1. Introduction to CAST
One key task in environmental science is obtaining information of environmental variables continuously in space or in space and time, usually based on remote sensing and limited field data. In that respect, machine learning algorithms have been proven to be an important tool to learn patterns in nonlinear and complex systems. However, standard machine learning applications are not suitable for spatio-temporal data, as they usually ignore the spatio-temporal dependencies in the data. This becomes problematic in (at least) two aspects of predictive modelling: Overfitted models as well as overly optimistic error assessment (see Meyer et al 2018 or Meyer et al 2019 ). To approach these problems, CAST supports the well-known caret package (Kuhn 2018 to provide methods designed for spatio-temporal data.
This tutorial shows how to set up a spatio-temporal prediction model that includes objective and reliable error estimation. It further shows how spatio-temporal overfitting can be detected by comparison between validation strategies. It will be shown that certain variables are responsible for the problem of overfitting due to spatio-temporal autocorrelation patterns. Therefore, this tutorial also shows how to automatically exclude variables that lead to overfitting with the aim to improve the spatio-temporal prediction model.
In order to follow this tutorial, I assume that the reader is familiar with the basics of predictive modelling nicely explained in Kuhn and Johnson 2013 as well as machine learning applications via the caret package.

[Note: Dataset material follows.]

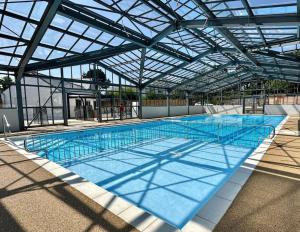 Villages vacances Les Cottages de La Baule : Chalet de standing 7 personnes - Piscine : photos des chambres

The example prediction task for this tutorial is the following: we have a set of data loggers distributed over a farm, and we want to map soil moisture, based on a set of spatial and temporal predictor variables. We will use Random Forests as a machine learning algorithm in this tutorial.
To do so, we will work with the cookfarm dataset, described in e.g. Gasch et al 2015 and available via the GSIF package (Hengl 2017). The dataset included in the CAST package is a re-structured dataset which was used for the analysis in Meyer et al 2018.
## SOURCEID VW Easting Northing altitude DEM TWI NDRE.M ## 101689 CAF357 0.303 493828.1 5181021 -0.3 792.5756 3.791253 0.08161208 ## 213001 CAF357 0.328 493828.1 5181021 -0.6 792.5756 3.791253 0.08161208 ## 324313 CAF357 0.376 493828.1 5181021 -0.9 792.5756 3.791253 0.08161208 ## 435625 CAF357 0.350 493828.1 5181021 -1.2 792.5756 3.791253 0.08161208 ## 546937 CAF357 0.323 493828.1 5181021 -1.5 792.5756 3.791253 0.08161208 ## 101690 CAF357 0.297 493828.1 5181021 -0.3 792.5756 3.791253 0.08161208 ## NDRE.Sd Bt BLD PHI Crop Date Precip_wrcc MaxT_wrcc ## 101689 0.2805182 0.0000 1.22 5.84 SL 2010-01-01 5.8 2.8 ## 213001 0.2805182 0.0000 1.36 6.32 SL 2010-01-01 5.8 2.8 ## 324313 0.2805182 0.0000 1.48 6.52 SL 2010-01-01 5.8 2.8 ## 435625 0.2805182 0.0000 1.56 6.68 SL 2010-01-01 5.8 2.8 ## 546937 0.2805182 0.0106 1.60 6.72 SL 2010-01-01 5.8 2.8 ## 101690 0.2805182 0.0000 1.22 5.84 SL 2010-01-02 6.9 6.1 ## MinT_wrcc Precip_cum cday cdayt ## 101689 -3.3 5.8 14611 -0.05233596 ## 213001 -3.3 5.8 14611 -0.05233596 ## 324313 -3.3 5.8 14611 -0.05233596 ## 435625 -3.3 5.8 14611 -0.05233596 ## 546937 -3.3 5.8 14611 -0.05233596 ## 101690 0.6 12.7 14612 -0.03489950
I want to point out on the following information of this dataset: The “SOURCEID” represents the ID for the data logger, “VW” is soil moisture which is our response variable, “Easting” and “Northing” are the coordinates of the data loggers, “altitude” indicates the depth of the soil in which VW was measured, and the remaining columns represent different potential predictor variables which are terrain related (e.g. “DEM”, “TWI”), vegetation indices (e.g. “NDRE”), soil properties (e.g. “BLD”) or climate-related predictors (e.g. “Precip_wrcc”). See Gasch et al 2015 for further description on the dataset.
To get an impression on the spatial properties of the dataset, let’s have a look on the spatial distribution of the data loggers on the cookfarm:
#...or plot the data with mapview: library(mapview) mapviewOptions(basemaps = c("Esri.WorldImagery")) mapview(data_sp)
We see that the data are taken at 42 locations (SOURCEID) over the field. The loggers recorded data between 2007 and 2013 (the dataset here only contains the data from 2010 on). The VW data are given here on a daily basis.
To reduce the data to an amount that can be handled in a tutorial, let’s restrict the data to the depth of -0.3 and to two weeks of the year 2012. After subsetting let’s have an overview on the soil moisture time series measured by the data loggers.
What we can see is that (as expected) each logger location has a unique time series of soil moisture.
In the following we will use this subset of the cookfarm data as an example to spatially predict soil moisture (i.e. to map soil moisture) with (and without) consideration of the spatio-temporal dependencies. To start with, lets use this dataset to create a “default” Random Forest model that predicts soil moisture based on some predictor variables. To keep computation time at a minimum, we don’t include hyperparameter tuning (hence mtry was set to 2) which is reasonable as Random Forests are comparably insensitive to tuning.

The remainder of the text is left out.